Restent le documentaire et maintenant le documentaire sur le documentaire, où le critique portugais Augusto M. Seabra voit un «exercice critique et analytique d’une pertinence rare» devant désormais «figurer dans les programmes, les classes et les cours de formation cinématographiques».

Et au delà du cinéma ? Dans l’entretien qui ouvre «Torre Bela» au début de l’occupation, le duc Dom Miguel livre une observation ouvrant un champ très actuel de réflexion. En français,  il confie à Thomas Harlan (lui-même parfaitement francophone) que la famille avait décidé, quelques années plus tôt, d’abandonner l’agriculture pour la sylviculture, mieux adaptée au sol de cette propriété et surtout, c’est implicite, bien moins gourmande en emplois. Or, c’est le manque d’emplois qui précipite l’occupation des terres et la création d’une éphémère coopérative.

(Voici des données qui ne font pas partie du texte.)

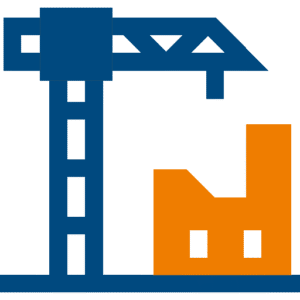 Blau-orangefarbenes Symbol mit Baukran und Gebäude, steht für Bauunternehmen sowie Abbruch- und Sanierungsfirmen – professionelle Unterstützung bei Demontage und Rückbau von Anlagen, Hallen und Gebäudeteilen.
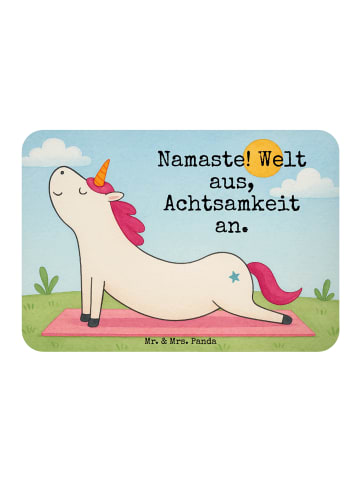 Mr. & Mrs. Panda magnet Einhorn Yoga Design mit Spruch in Weiß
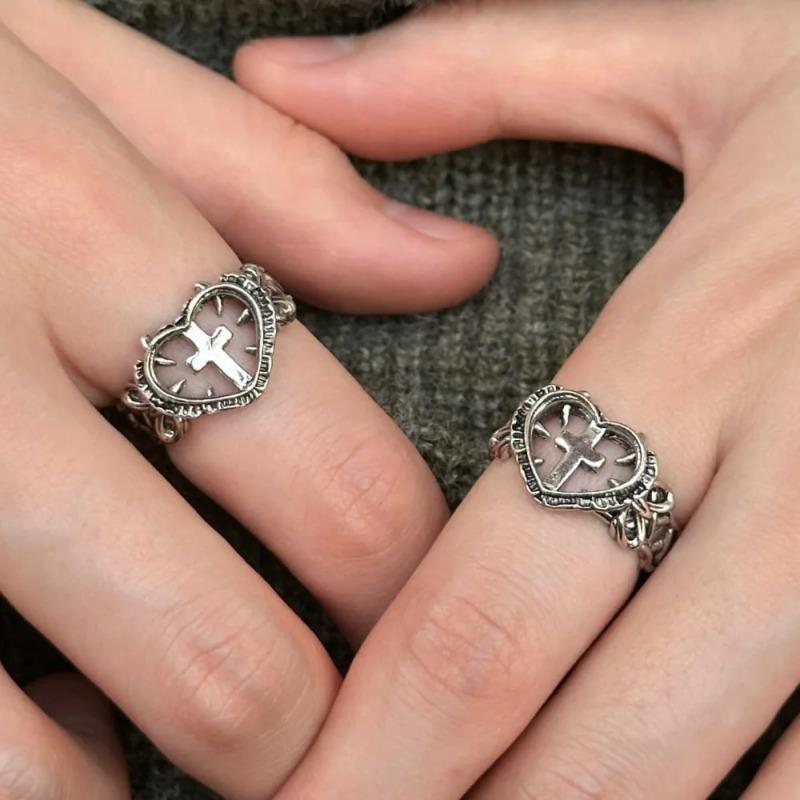 Fashion Cross Heart Open Rings for Unisex Hip Hop Adjustable Devil Horns Weaving Strip Gothic Ring Jewelry Couple Gifts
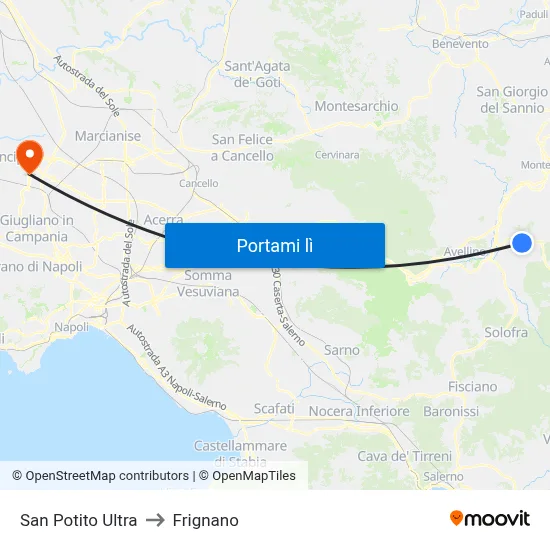 San Potito Ultra to Frignano map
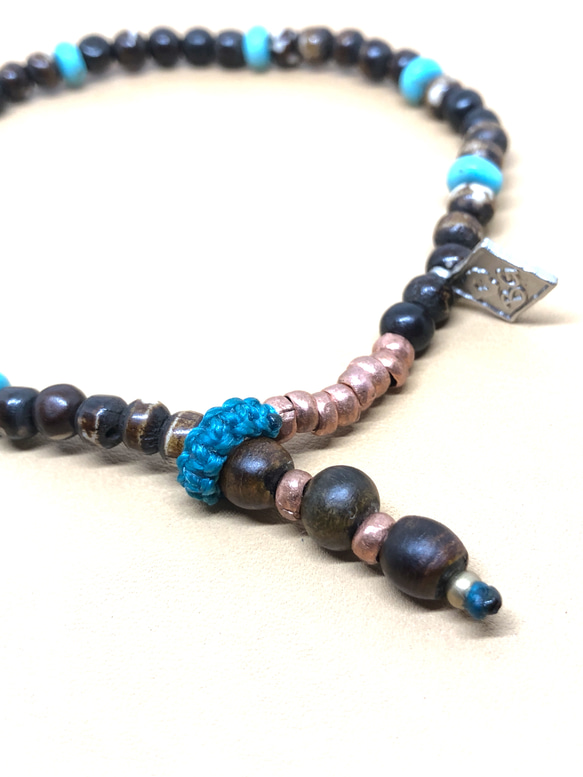 【BG】Buffalo bone & Turquoise anklet〈BG18A0018TQ-2〉アンクレット 2枚目の画像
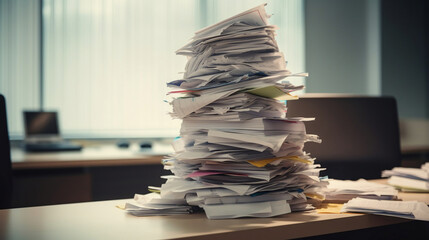 Office Expenses: A Pile of Invoices and Receipts on a Desk. Generative AI.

Mais surtout, cette mutation préfigure ce qui sera le fourvoiement agricole du Portugal. Le rattrapage économique accéléré par l’entrée dans l’Union fédérative va vider les campagnes et remplir les banlieues, surtout autour de Lisbonne. Au nord et au centre sud du pays, les terres abandonnées sont livrées à l’eucalyptus et au pin, alimentant une industrie de la pâte à papier en pleine expansion. Et chaque été, le feuilleton tragique des feux de forêt. Autosuffisant sous Salazar, qui pratiquait l’autarcie économique adossée à l’empire colonial, le Portugal a basculé très vite ans la dépendance aux importations, même dans des productions traditionnelles comme le riz et l’huile d’olive.

La Politique agricole commune (PAC) de l’UE, dont les subventions sont au Portugal concentrées à l’extrême sur un tout petit nombre d’exploitations (notamment celles dans anciens latifundiaires de l'Alentejo réinstallés après l’abandon de la réforme agraire) pour les aides directes, a aggravé cette dérive. Rappelons que l’entrée dans la crise du Portugal, bien avant les autres pays de la périphérie de la zone euro, trouve son origine avant tout dans ce déséquilibre de la balance des paiements.

Mais la roue tourne. Un mouvement de retour vers l’intérieur désertifié et vers la vie rurale s’amorce, sous la pression de la crise. Investissements à la clef, l’autosuffisance en huile d’olive est en vue, comme pour l’énergie (hors transport) grâce au solaire et à l’éolien. Les exportations sont devenues le principal moteur de l’activité économique et le tourisme est en forte expansion. Le gouvernement de centre-droit, qui gère le pays en fonction d’un mémorandum signé avec la troïka UE-FMI-BCE, voudrait contraindre les propriétaires laissant leurs terres à l’abandon à les céder ou les louer à ceux qui sont prêts à les exploiter. «La terre à ceux qui la travaillent»? Retour à «Torre Bela».

PS: dans une vie antérieure, j'ai été impliqué, à une place très modeste, dans le "PREC" portugais et je conserve un souvenir très fort du mouvement d'occupation des terres à Montemor-o-Novo, sans pouvoir prédire à l'époque que l'Alentejo serait un jour ma terre d'acceuil.